Schéma synoptique de la modélisation du bassin du Clain avec EROS

Le calage de ce nouveau modèle sur les chroniques observées est très satisfaisant. EROS permet de reproduire avec une bonne fiabilité les phénomènes de crue. Les résultats de cette modélisation sont aussi cohérents avec les résultats obtenus à partir des autres modèles.
EROS a été utilisé pour réaliser des simulations en faisant pleuvoir à des dates données et selon des intensités données sur des chroniques observées.
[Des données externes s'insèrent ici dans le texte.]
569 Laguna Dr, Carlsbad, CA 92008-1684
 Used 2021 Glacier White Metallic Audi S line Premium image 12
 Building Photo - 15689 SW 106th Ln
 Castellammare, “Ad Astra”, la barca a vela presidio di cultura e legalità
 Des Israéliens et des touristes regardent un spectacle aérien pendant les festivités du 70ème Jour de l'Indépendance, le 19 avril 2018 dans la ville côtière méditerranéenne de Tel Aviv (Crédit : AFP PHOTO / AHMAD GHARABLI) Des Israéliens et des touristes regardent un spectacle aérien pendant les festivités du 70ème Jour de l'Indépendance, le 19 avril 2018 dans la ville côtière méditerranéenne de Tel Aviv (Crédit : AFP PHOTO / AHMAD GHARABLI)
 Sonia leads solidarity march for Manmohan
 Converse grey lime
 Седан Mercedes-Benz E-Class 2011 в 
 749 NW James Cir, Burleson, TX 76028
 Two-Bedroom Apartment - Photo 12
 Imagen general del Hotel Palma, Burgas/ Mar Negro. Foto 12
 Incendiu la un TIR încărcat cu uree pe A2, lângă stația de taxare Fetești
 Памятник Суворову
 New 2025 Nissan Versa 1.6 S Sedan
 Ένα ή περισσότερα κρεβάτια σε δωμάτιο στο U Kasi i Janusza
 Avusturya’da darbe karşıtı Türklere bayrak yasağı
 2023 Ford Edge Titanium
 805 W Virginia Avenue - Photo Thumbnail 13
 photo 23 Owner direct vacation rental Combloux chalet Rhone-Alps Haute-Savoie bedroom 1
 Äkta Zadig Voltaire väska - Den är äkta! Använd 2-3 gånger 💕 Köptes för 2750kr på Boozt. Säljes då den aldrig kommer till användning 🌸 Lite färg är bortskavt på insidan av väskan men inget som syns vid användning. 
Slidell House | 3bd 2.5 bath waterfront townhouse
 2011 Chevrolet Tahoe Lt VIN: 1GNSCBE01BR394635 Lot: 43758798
Représentation des 3 scénarios simulés avec EROS"
Représentation des 3 scénarios simulés avec EROS
Les scénarios ont consisté à faire pleuvoir avec des intensités différentes (20, 40, 60, 80, 100 mm) à 3 dates données des années 2006 et 2007 et à observer les résultats sur les chroniques de débit à Pont-St-Cyprien

Les jeux de simulations permettent de venir conforter les seuils d’alerte proposés sur les piézomètres (tableau ci-dessous). Dans un premier temps, ces seuils pourraient être mis à l’épreuve de la gestion des crues, en modulant les alertes.

Valeurs seuils des débits et niveaux piézométriques sur les bassins versants étudiés"
Valeurs seuils des débits et niveaux piézométriques sur les bassins versants étudiés

Il est apparu au cours de ce travail que le bassin du Clain, avec ses sous-bassins qui disposent presque tous de chroniques de débit à l’aval, est favorable à une modélisation avec EROS. Le modèle mis au point reproduit bien les chroniques observées. La réalisation de nombreuses simulations permettraient d’affiner cette approche sur les seuils en nappe et d’aboutir à disposer d’abaque de gestion non plus binaire (pluie/débit du Clain) comme actuellement, mais ternaire (pluie/débit/niveau de nappe).